• _WHAT IS REQUIRED_: Exactly retype the opening line of the entries and every line after it, ending with the line that contains "环境影响评价报告公示：万洁净型煤环评报告.doc_第2页". Skip all pictures.

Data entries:
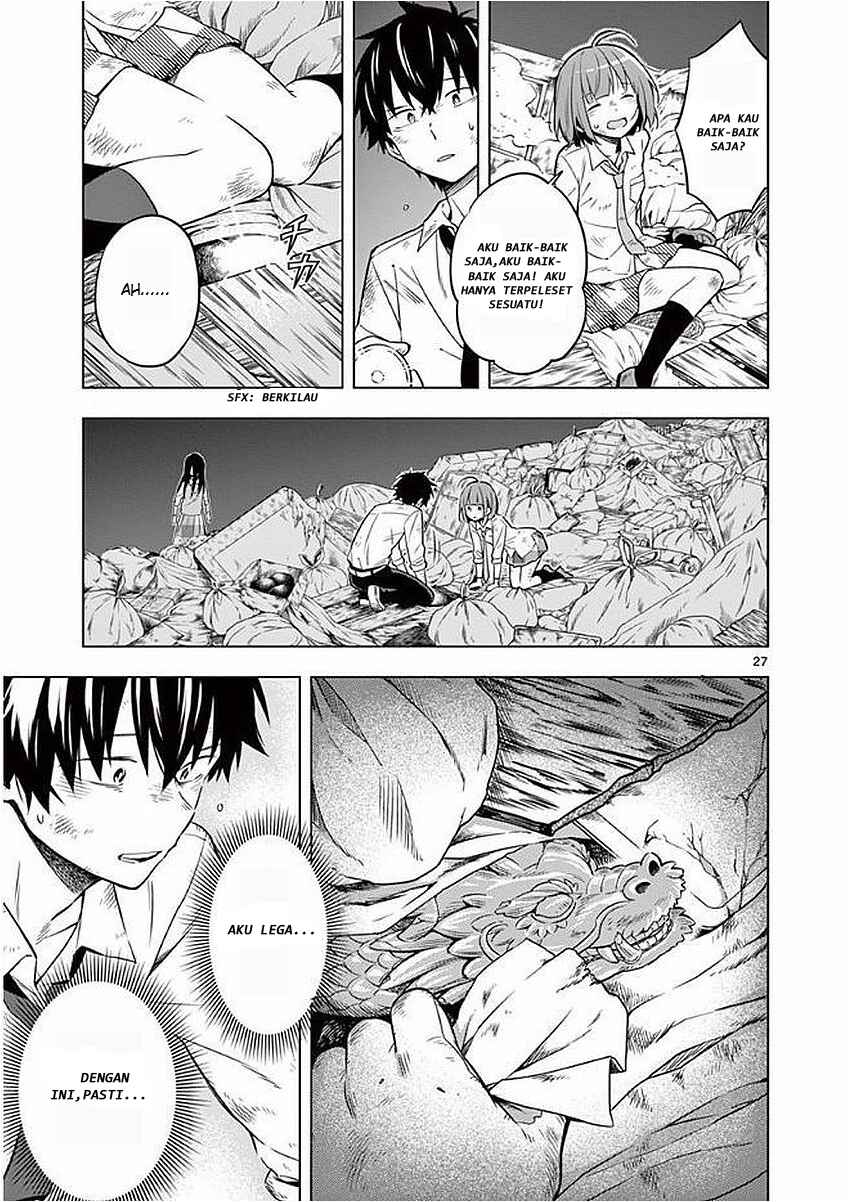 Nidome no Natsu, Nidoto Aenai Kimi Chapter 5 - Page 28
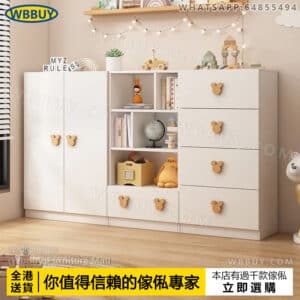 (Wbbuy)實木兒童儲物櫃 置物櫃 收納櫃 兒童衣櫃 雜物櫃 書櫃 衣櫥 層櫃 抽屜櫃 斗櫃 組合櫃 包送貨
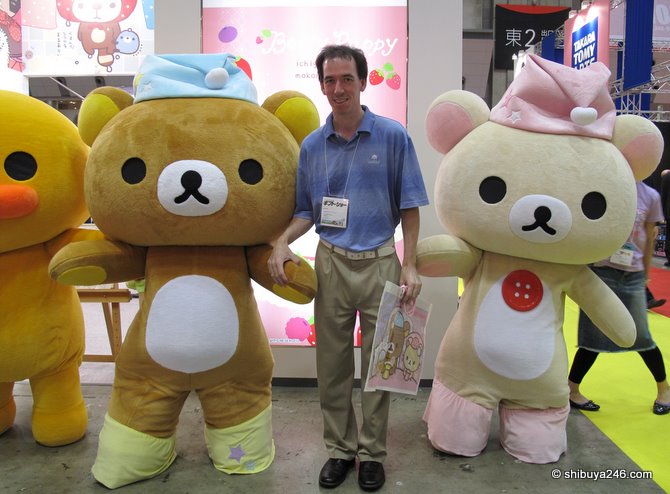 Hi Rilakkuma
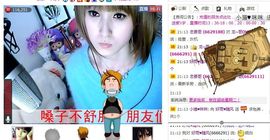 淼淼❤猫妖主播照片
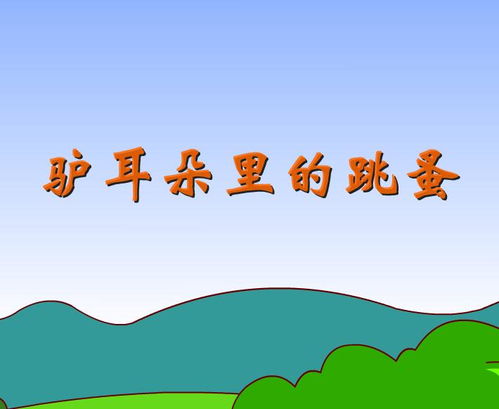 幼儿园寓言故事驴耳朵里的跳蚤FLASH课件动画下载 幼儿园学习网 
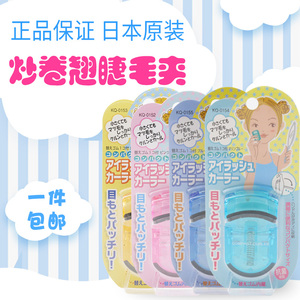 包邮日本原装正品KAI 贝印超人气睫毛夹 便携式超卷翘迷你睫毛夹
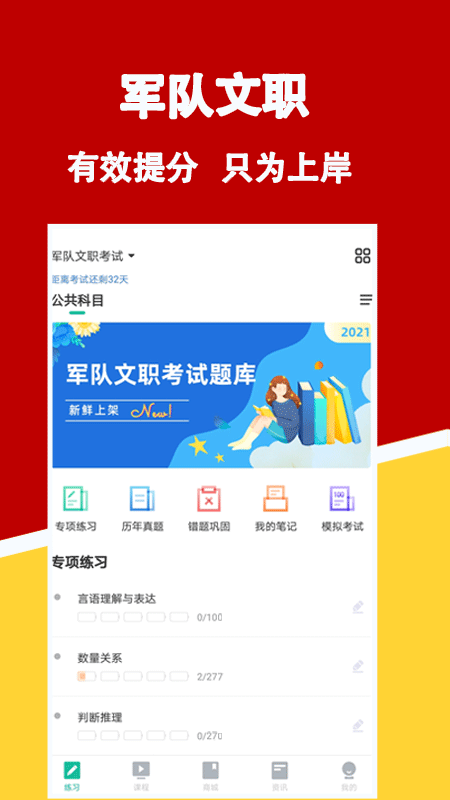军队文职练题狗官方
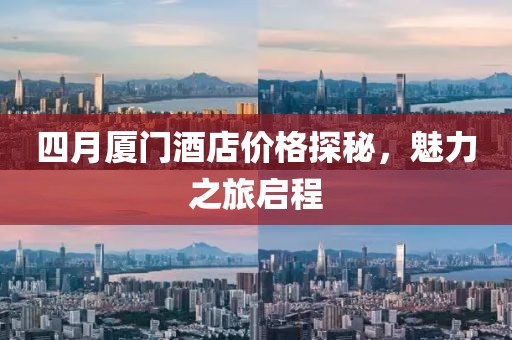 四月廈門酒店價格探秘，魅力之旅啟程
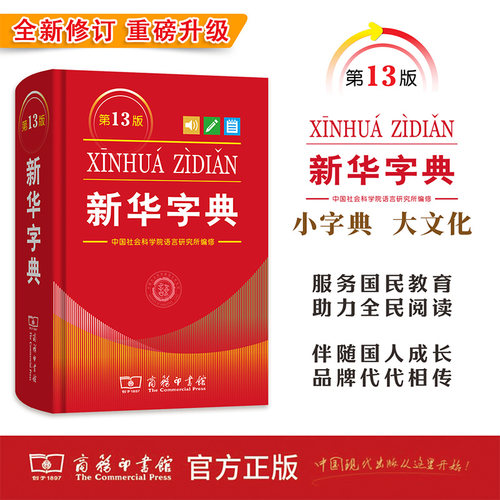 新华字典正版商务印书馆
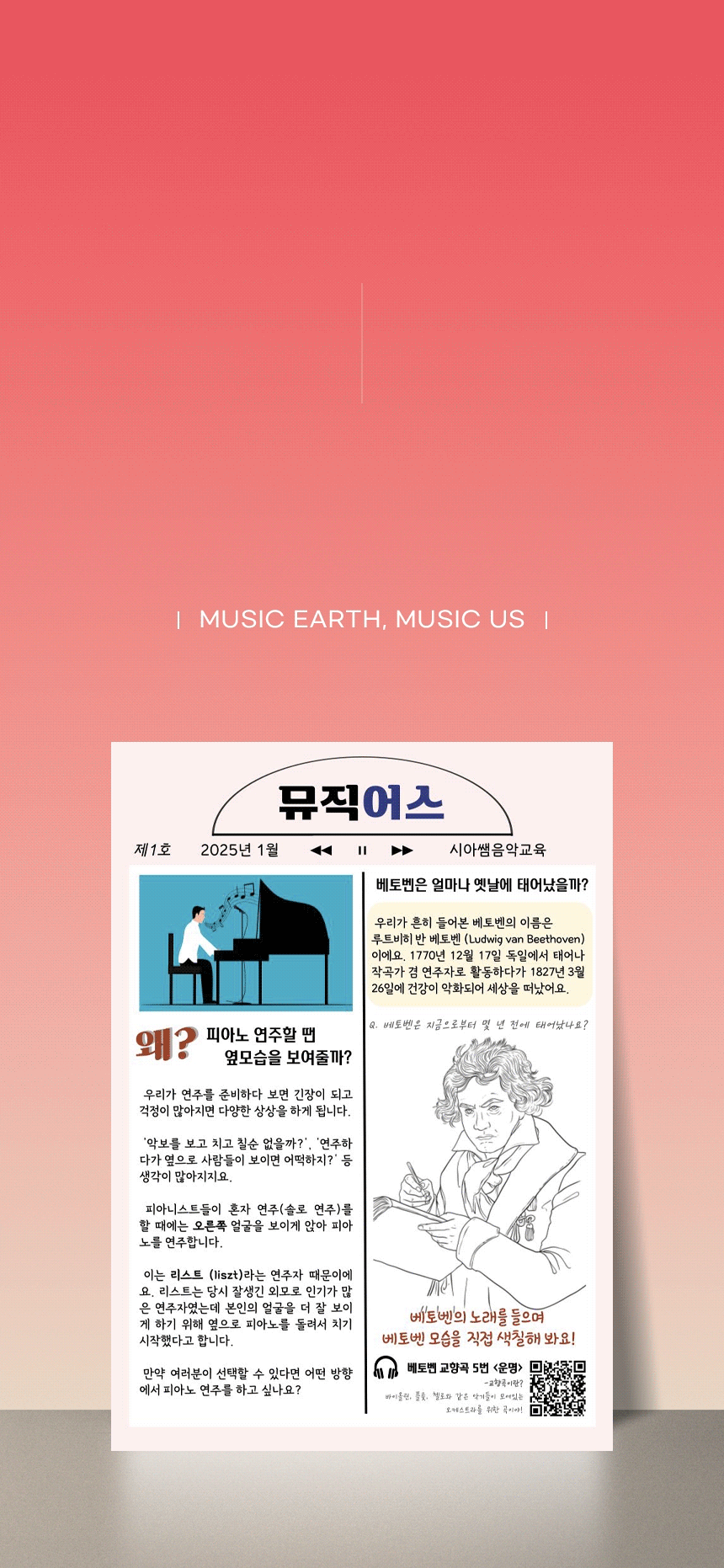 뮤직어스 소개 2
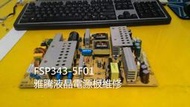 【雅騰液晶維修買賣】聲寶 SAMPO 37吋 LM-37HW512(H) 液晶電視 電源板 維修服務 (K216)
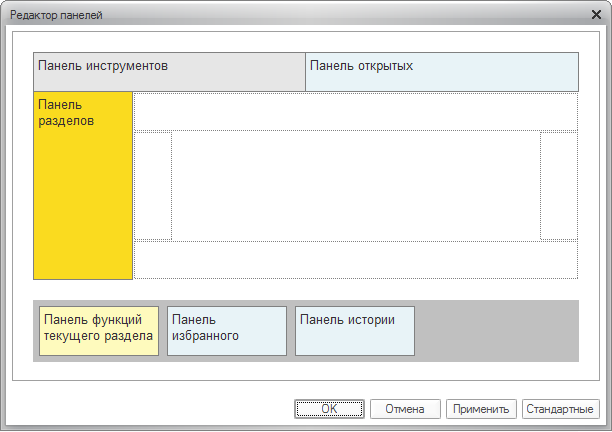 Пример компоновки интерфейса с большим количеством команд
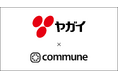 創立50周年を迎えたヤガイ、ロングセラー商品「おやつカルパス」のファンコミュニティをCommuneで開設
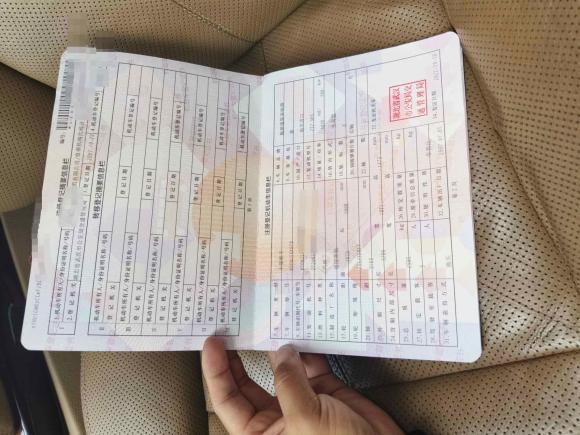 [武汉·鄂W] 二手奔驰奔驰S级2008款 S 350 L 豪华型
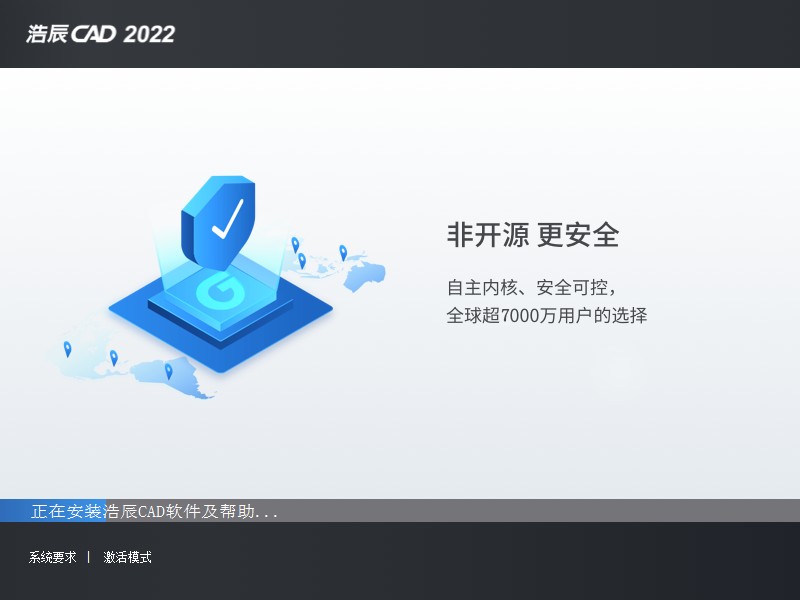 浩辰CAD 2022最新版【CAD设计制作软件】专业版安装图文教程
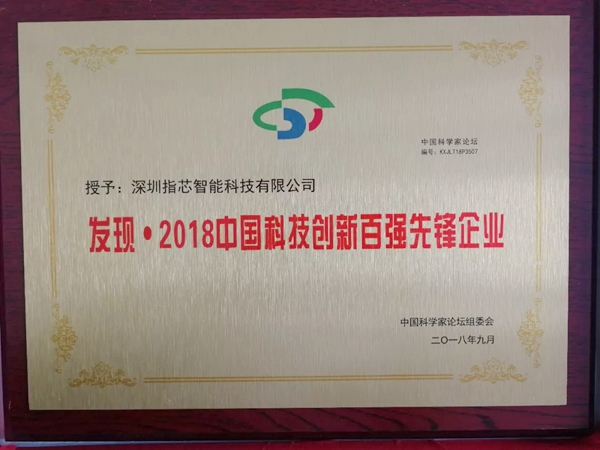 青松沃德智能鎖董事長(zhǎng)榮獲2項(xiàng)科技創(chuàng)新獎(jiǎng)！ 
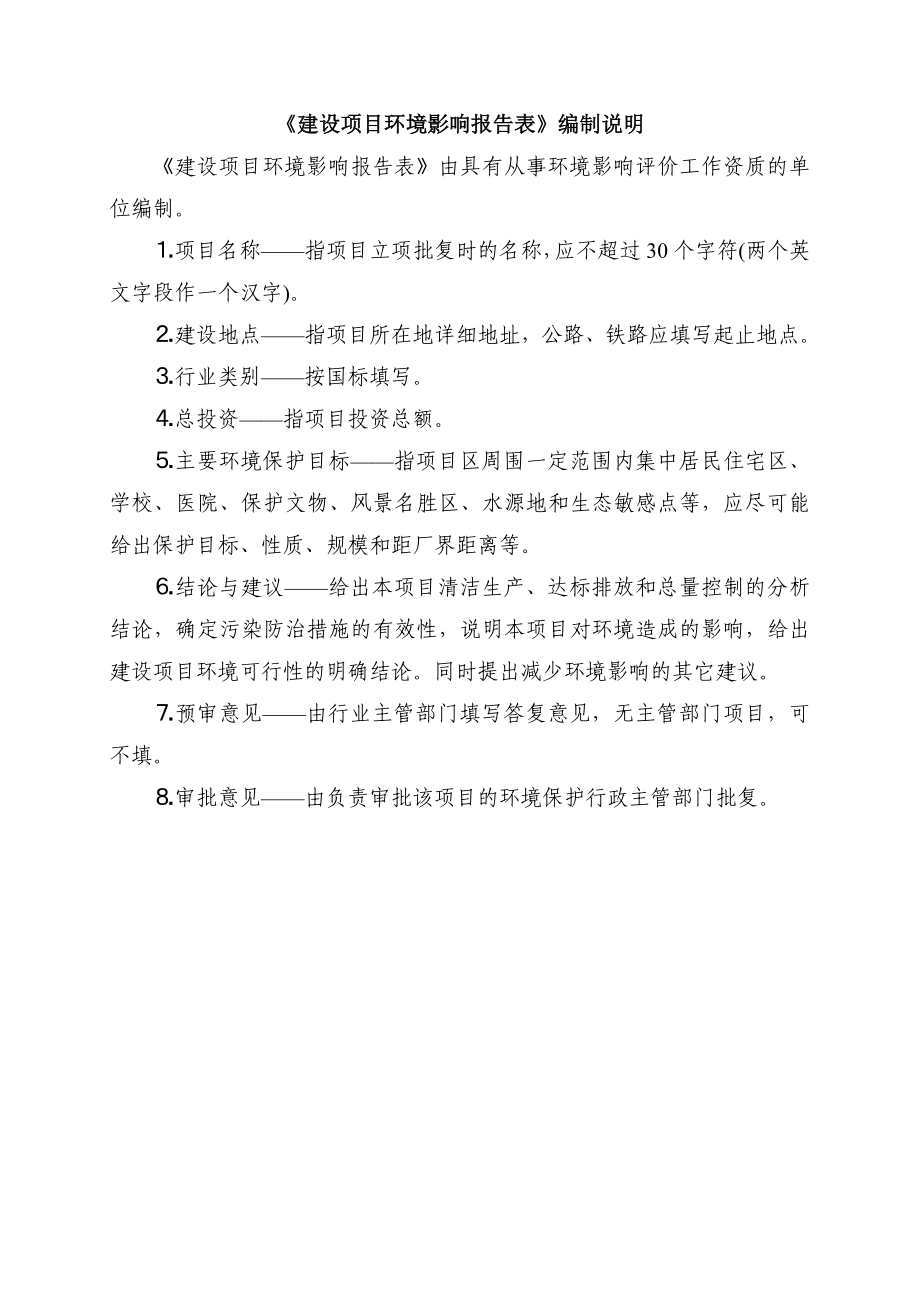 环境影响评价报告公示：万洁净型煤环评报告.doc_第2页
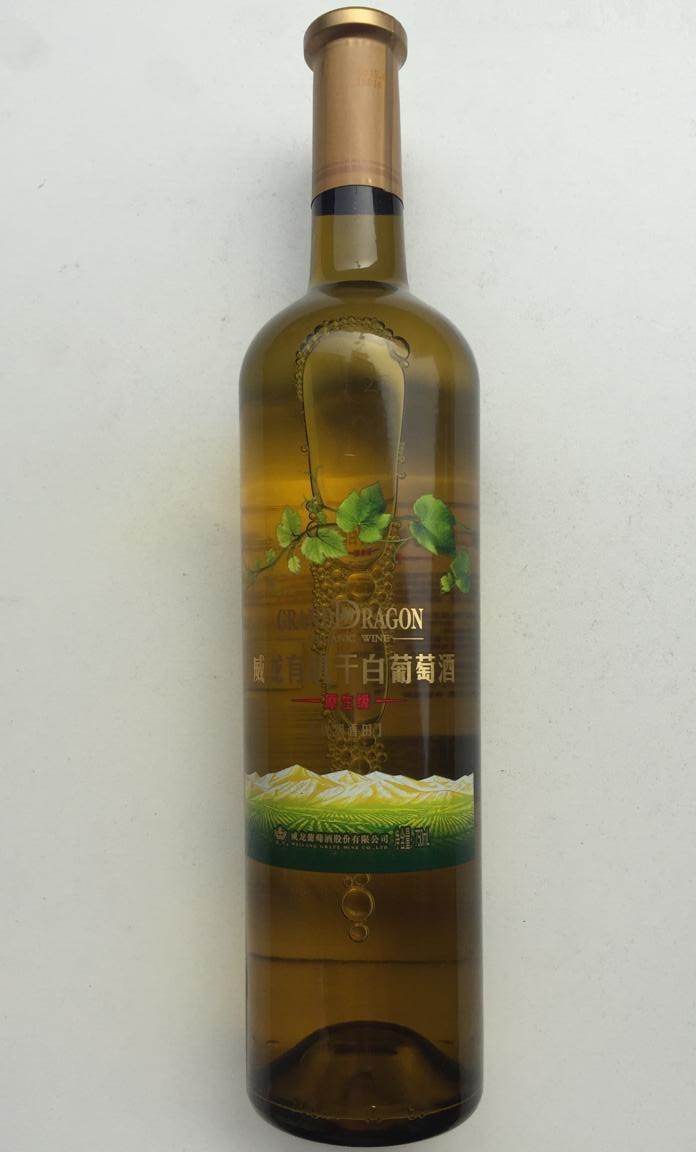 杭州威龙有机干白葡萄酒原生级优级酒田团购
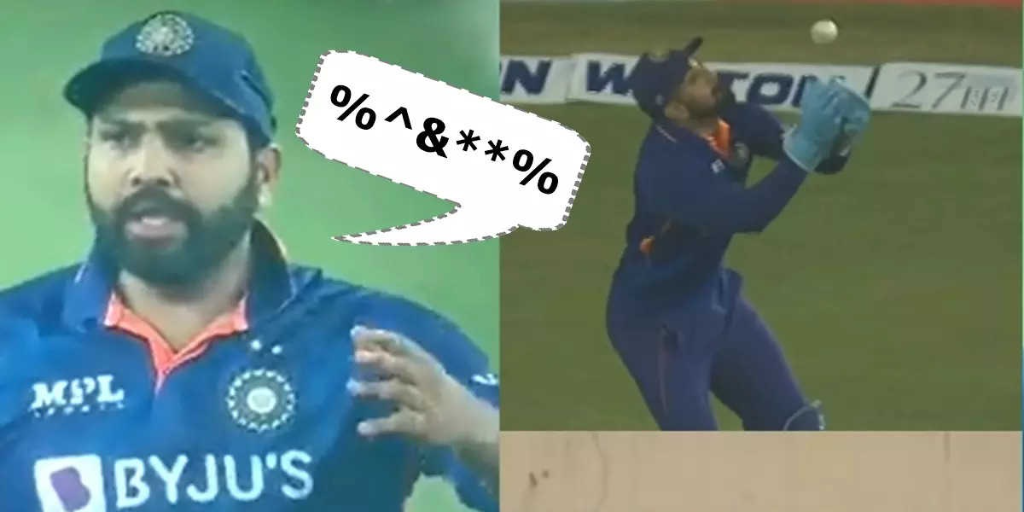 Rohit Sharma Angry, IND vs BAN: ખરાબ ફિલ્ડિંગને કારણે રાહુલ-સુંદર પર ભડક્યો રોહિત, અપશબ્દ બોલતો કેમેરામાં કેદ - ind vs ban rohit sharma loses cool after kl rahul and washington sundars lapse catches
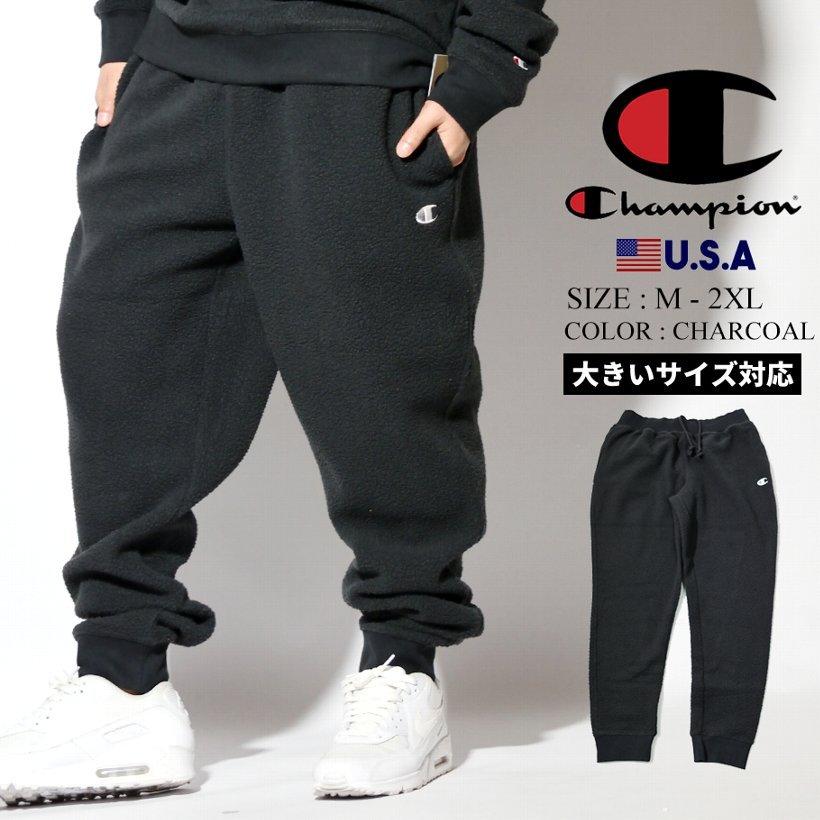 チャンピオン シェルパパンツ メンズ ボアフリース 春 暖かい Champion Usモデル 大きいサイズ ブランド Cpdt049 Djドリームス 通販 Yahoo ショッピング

• _EXERCISE RESULT_:
 Nidome no Natsu, Nidoto Aenai Kimi Chapter 5 - Page 28
 (Wbbuy)實木兒童儲物櫃 置物櫃 收納櫃 兒童衣櫃 雜物櫃 書櫃 衣櫥 層櫃 抽屜櫃 斗櫃 組合櫃 包送貨
 Hi Rilakkuma
 淼淼❤猫妖主播照片
 幼儿园寓言故事驴耳朵里的跳蚤FLASH课件动画下载 幼儿园学习网 
 包邮日本原装正品KAI 贝印超人气睫毛夹 便携式超卷翘迷你睫毛夹
军队文职练题狗官方
 四月廈門酒店價格探秘，魅力之旅啟程
 新华字典正版商务印书馆
 뮤직어스 소개 2
 【雅騰液晶維修買賣】聲寶 SAMPO 37吋 LM-37HW512(H) 液晶電視 電源板 維修服務 (K216)
 Пример компоновки интерфейса с большим количеством команд
 創立50周年を迎えたヤガイ、ロングセラー商品「おやつカルパス」のファンコミュニティをCommuneで開設
 [武汉·鄂W] 二手奔驰奔驰S级2008款 S 350 L 豪华型
 浩辰CAD 2022最新版【CAD设计制作软件】专业版安装图文教程
 青松沃德智能鎖董事長(zhǎng)榮獲2項(xiàng)科技創(chuàng)新獎(jiǎng)！ 
 环境影响评价报告公示：万洁净型煤环评报告.doc_第2页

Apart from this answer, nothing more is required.